> Source data:
──────────────────────────────
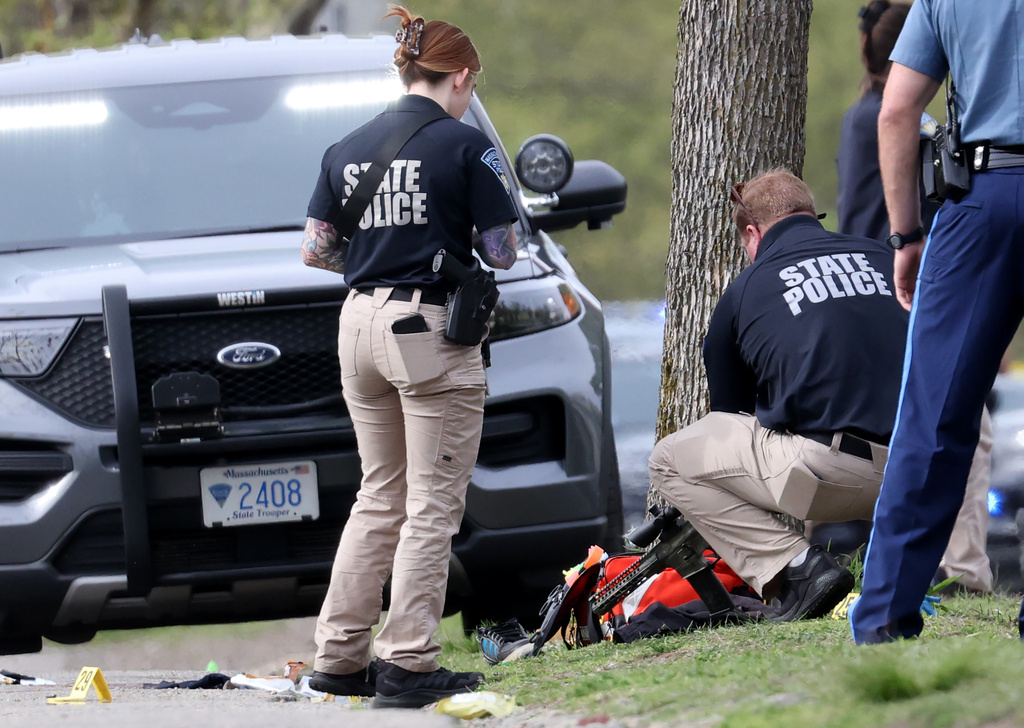 A member of the State Police bends to pick up a gun on Memorial Drive in Cambridge, Mass., Monday, May 11, 2026. (Jessica Rinaldi/The Boston Globe via AP)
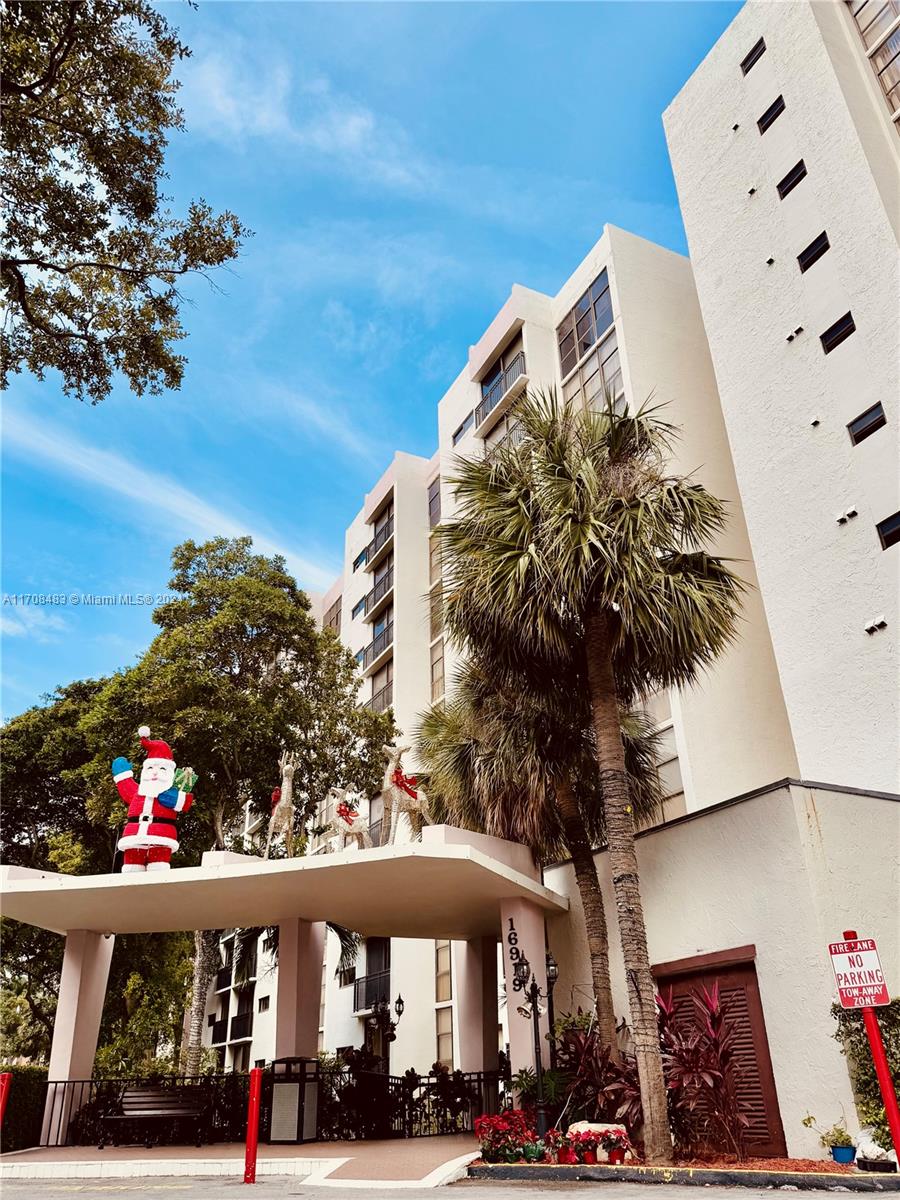 a view of building with cars parked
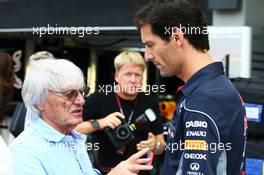 (L to R): Bernie Ecclestone (GBR) CEO Formula One Group (FOM) with Mark Webber (AUS) Red Bull Racing. 19.09.2013. Formula 1 World Championship, Rd 13, Singapore Grand Prix, Singapore, Singapore, Preparation Day.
──────────────────────────────
> Problem to work on:
Here the lines from the one with "a view of building with cars parked" through the last line of the data above need to be repeated exactly, both included, and any picture omitted.

> Solution below:
 a view of building with cars parked
 (L to R): Bernie Ecclestone (GBR) CEO Formula One Group (FOM) with Mark Webber (AUS) Red Bull Racing. 19.09.2013. Formula 1 World Championship, Rd 13, Singapore Grand Prix, Singapore, Singapore, Preparation Day.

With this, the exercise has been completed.